Maybe in a couple of weeks, that would be perfect to see chreey blossoms.
This picture is the front yard of her house.
Independent
Maybe it's just time to be independent.
That's it.
I know that eventually, I will be okay.
But right now, I just feel so uneasy.
Maybe I have been helped by too many people and
I got used to it.
But now it is time to be independent.
That's it.
As he said, maybe it will be okay without him.
Maybe it would be better.
I guess I have been spoiled by people.
Maybe I have relied on him too much.
Of course, I knew that he would leave one day.
I must have known that he has his own life. And I kew it.
But...
I understand that I cannnot stop himand I must have prepared for this way before.
I must have expected.
I know.I know that.But... I just feel helpless without him.Ah...
I want him to have no regrets in his life.
And I know that he has already helped me a lot.
A lot.
So...
I have nothing to say, but...
I just feel helpless without him...
If I could say...
If only I could say to him...
"No, don't. Please stay here and please work with me..."

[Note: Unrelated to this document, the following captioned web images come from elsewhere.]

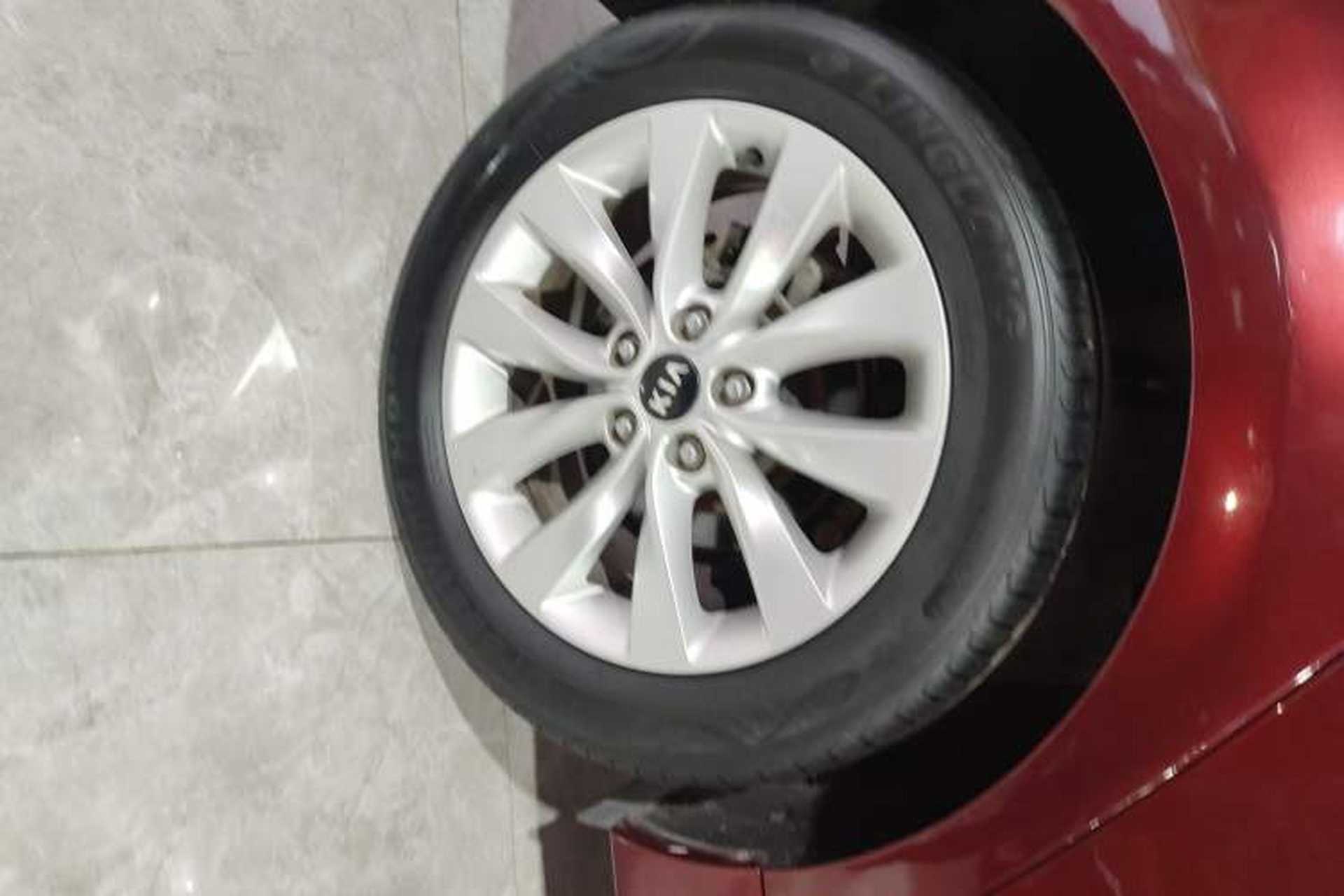 Used Kia K5 2016 1.6T Automatic LUX Right Rear Wheel Hub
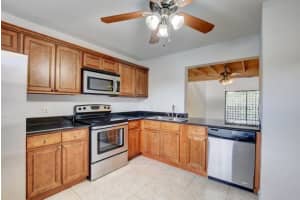 2006 Lakeview Drive W, Royal Palm Beach, FL 33411 - MLS#R11150948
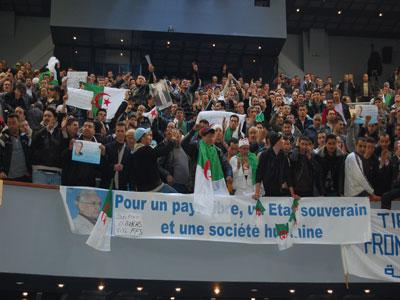 Le FFS milite «pour une véritable vie politique, loin de la logique de la violence»                                    Le secrétaire général du parti, Ali Laskri, dans un meeting à Mila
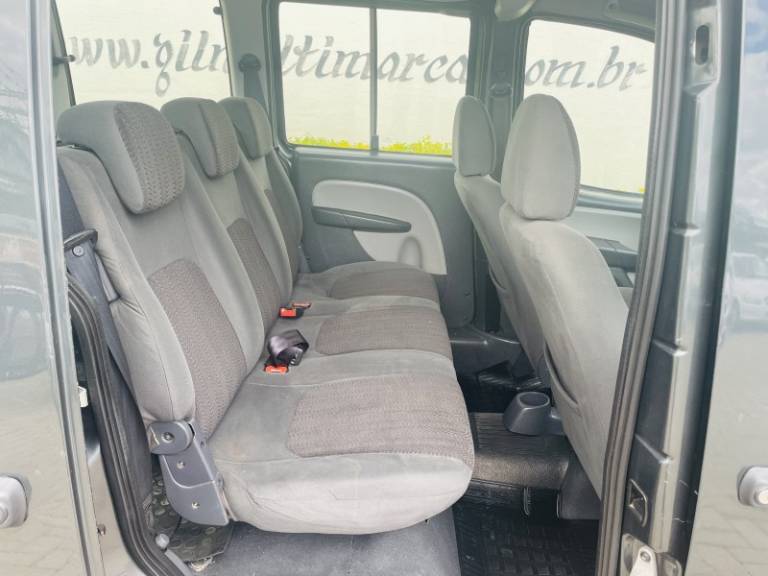 FIAT - DOBLÓ - 2013/2013 - Cinza - R$ 48.900,00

If I really could say that to him...
Well, if I also know that I'll be okay eventually, then,
why should I worry... Why...


Lampshade
It took me about 10 days to make this lampshade.
Well, I am satisfied with it and I quite like it. It's not so bad, is it?
I'm always happy and calm when I'm making something or when I'm painting.
Which is very good for me and I think it's necessary for me to do these kind of things sometimes.
(This is actually what my friend said to me yesterday. =) Well, I think so too, so...)
It makes me feel good and makes me feel that I am an artist. Hahaha...
When I was a child, I wanted to be a kindergarten teacher or an artist. A painter for picture books...
I studied Japanese paintings at college, and sometimes people ask me why now I'm doing this job which is teaching English.
But for me, this is the perfect job. Because I love to talk to people, love children and this is the things I always wanted to do, I mean I'm a teacher for kids and, even about art, I have a lot of opportunities to draw and paint in this work.
So I think, I am very lucky to find this job.
Well... what will I make next???
どうしてこんなに胸がモヤモヤするんだろう。今さら悩むことなんて何一つないはずなのに。長いこと、ずいぶん長いこと待ち望んでいた幸せが思いがけずふと急に飛び込んでくると、何だか現実とは思えない。”上手くいかない。行きっこない”とずっと思い続けたおかげで自分で自分に暗示をかけちゃったんだろうか?私には失うものなんてない。怖いものなんかない。はずなんだけどな。心を決めたら、思い込んだらわき見もせずに一直線。私のとりえだったはずなのに。いつの間にかだんだんいろんなことに臆病になっちゃったみたい。これまで失ったものよりも、得たものの方が多いのに。どっかに落っことしてきたんだろうか。あの向こう見ずだった私の欠片。こまったな。それがないと前に進めないんだけどな。